ASSIGNMENT:
Return the lines of the listing below exactly as they appear, beginning at the one with "Apartamento de 146m², terraza" and stopping after the one with "Tiny photo for"; do not include pictures.

INFORMATION SUPPLIED:
____________________

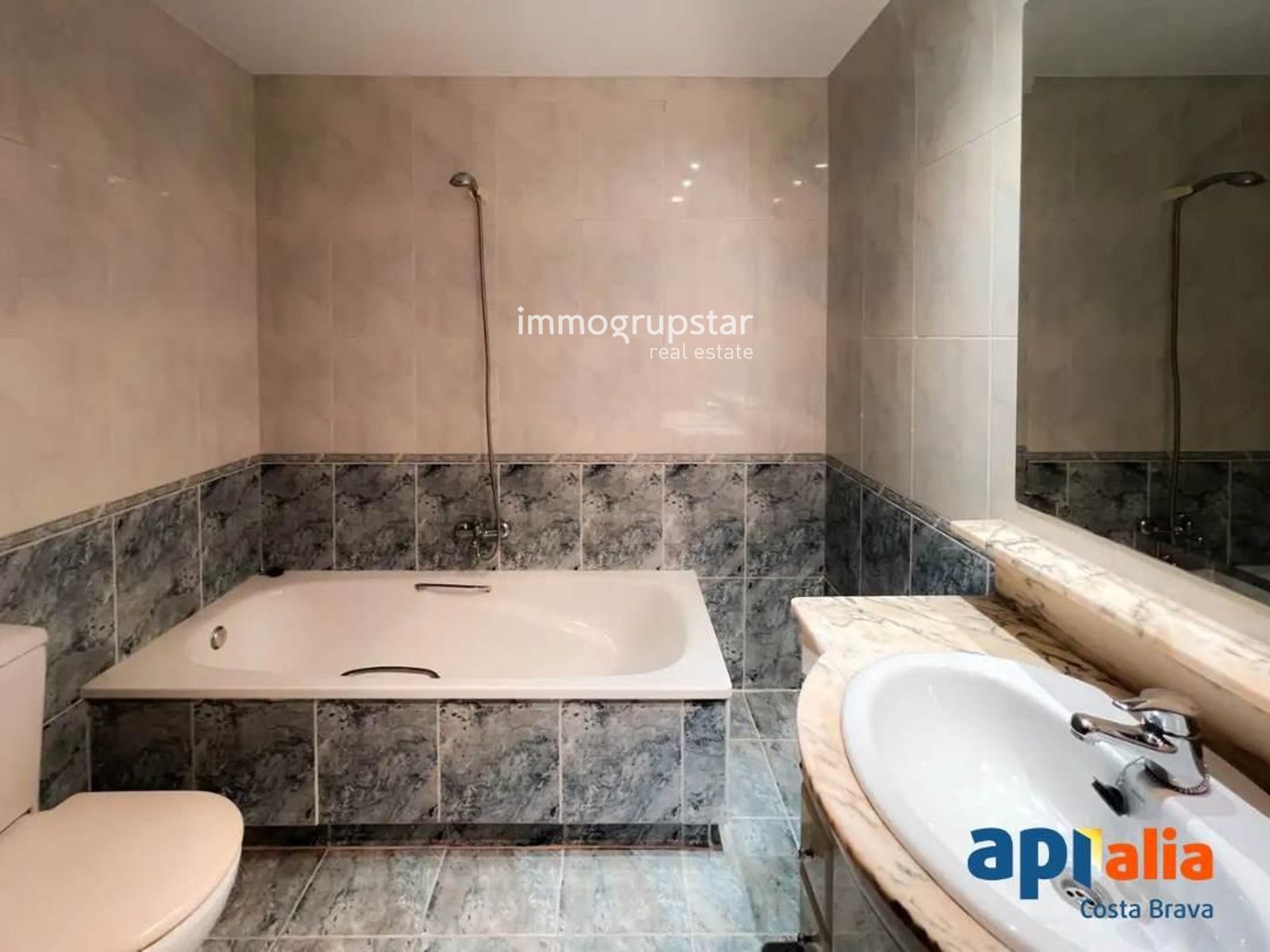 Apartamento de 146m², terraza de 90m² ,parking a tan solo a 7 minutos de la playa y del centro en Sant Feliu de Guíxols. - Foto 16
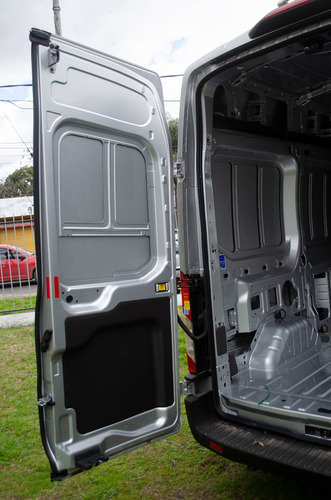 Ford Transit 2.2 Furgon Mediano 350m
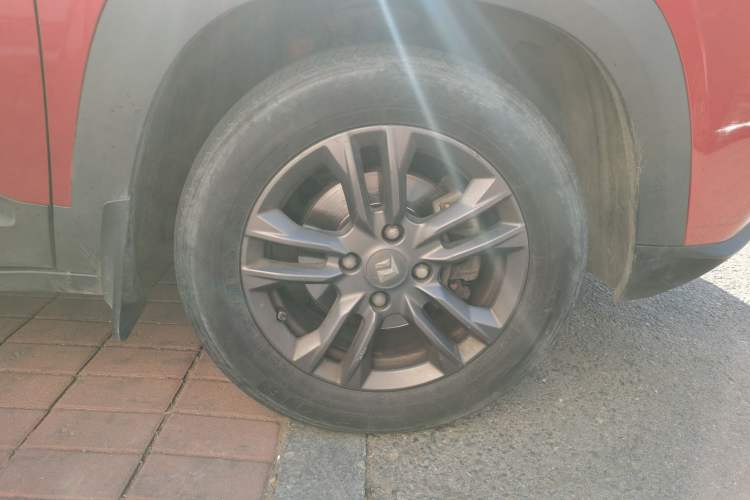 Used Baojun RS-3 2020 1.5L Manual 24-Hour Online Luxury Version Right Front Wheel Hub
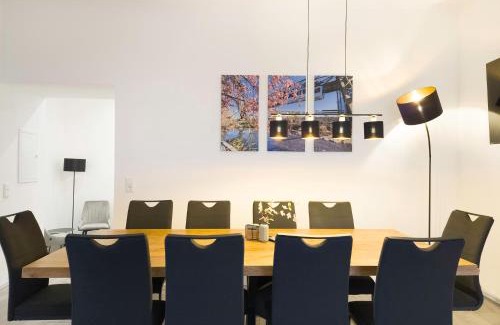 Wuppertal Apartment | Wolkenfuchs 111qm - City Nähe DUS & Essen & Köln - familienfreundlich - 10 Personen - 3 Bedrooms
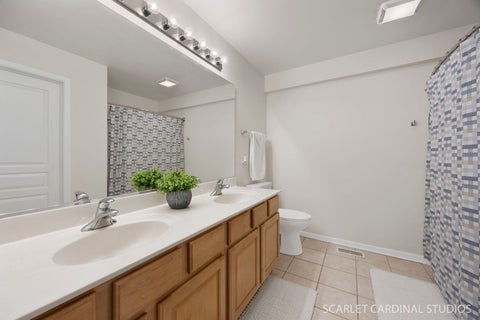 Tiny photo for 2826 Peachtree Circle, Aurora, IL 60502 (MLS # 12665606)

____________________

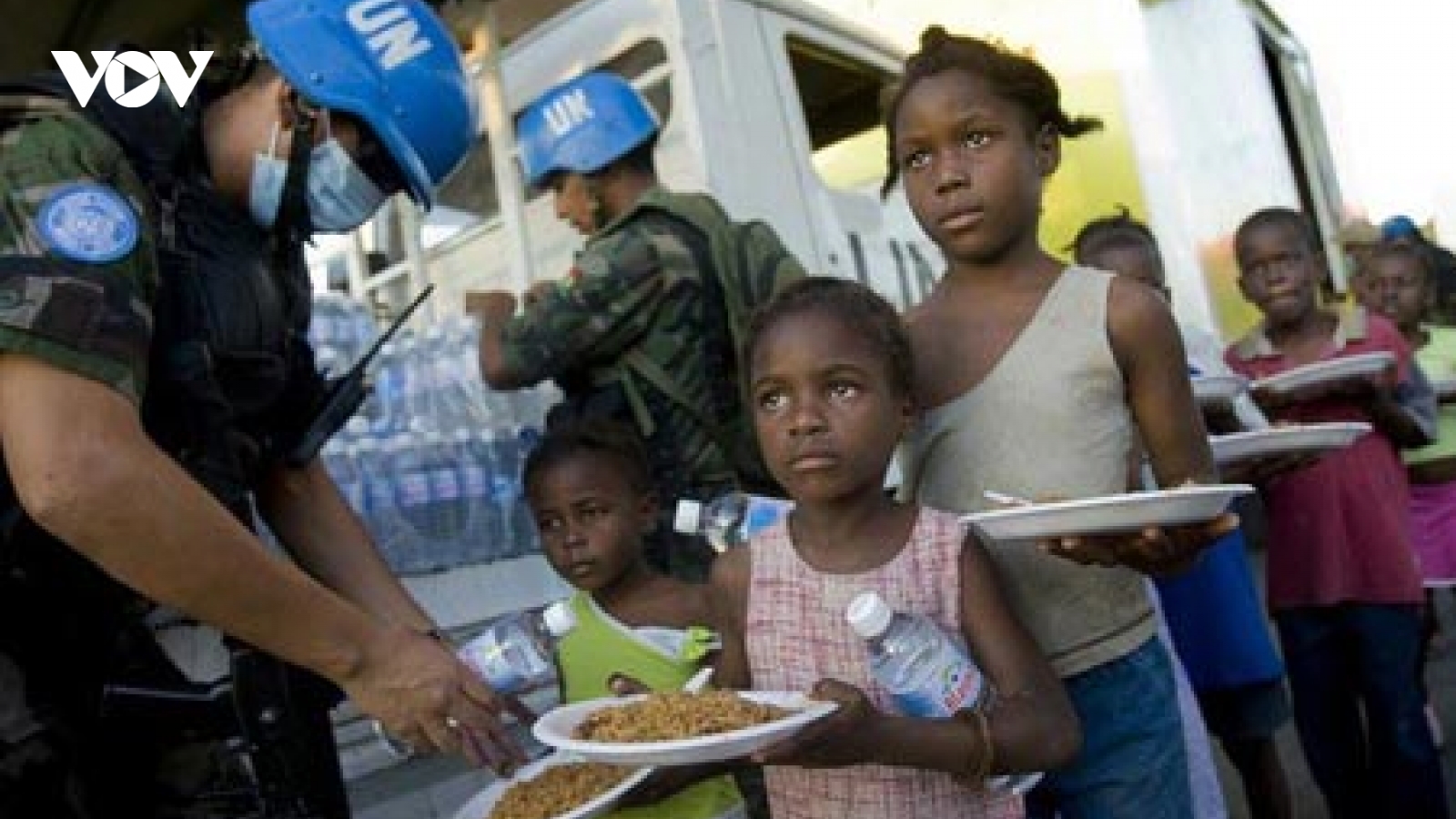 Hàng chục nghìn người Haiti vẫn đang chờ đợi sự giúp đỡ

____________________

EXERCISE RESPONSE:
 Apartamento de 146m², terraza de 90m² ,parking a tan solo a 7 minutos de la playa y del centro en Sant Feliu de Guíxols. - Foto 16
 Ford Transit 2.2 Furgon Mediano 350m
 Used Baojun RS-3 2020 1.5L Manual 24-Hour Online Luxury Version Right Front Wheel Hub
 Wuppertal Apartment | Wolkenfuchs 111qm - City Nähe DUS & Essen & Köln - familienfreundlich - 10 Personen - 3 Bedrooms
 Tiny photo for 2826 Peachtree Circle, Aurora, IL 60502 (MLS # 12665606)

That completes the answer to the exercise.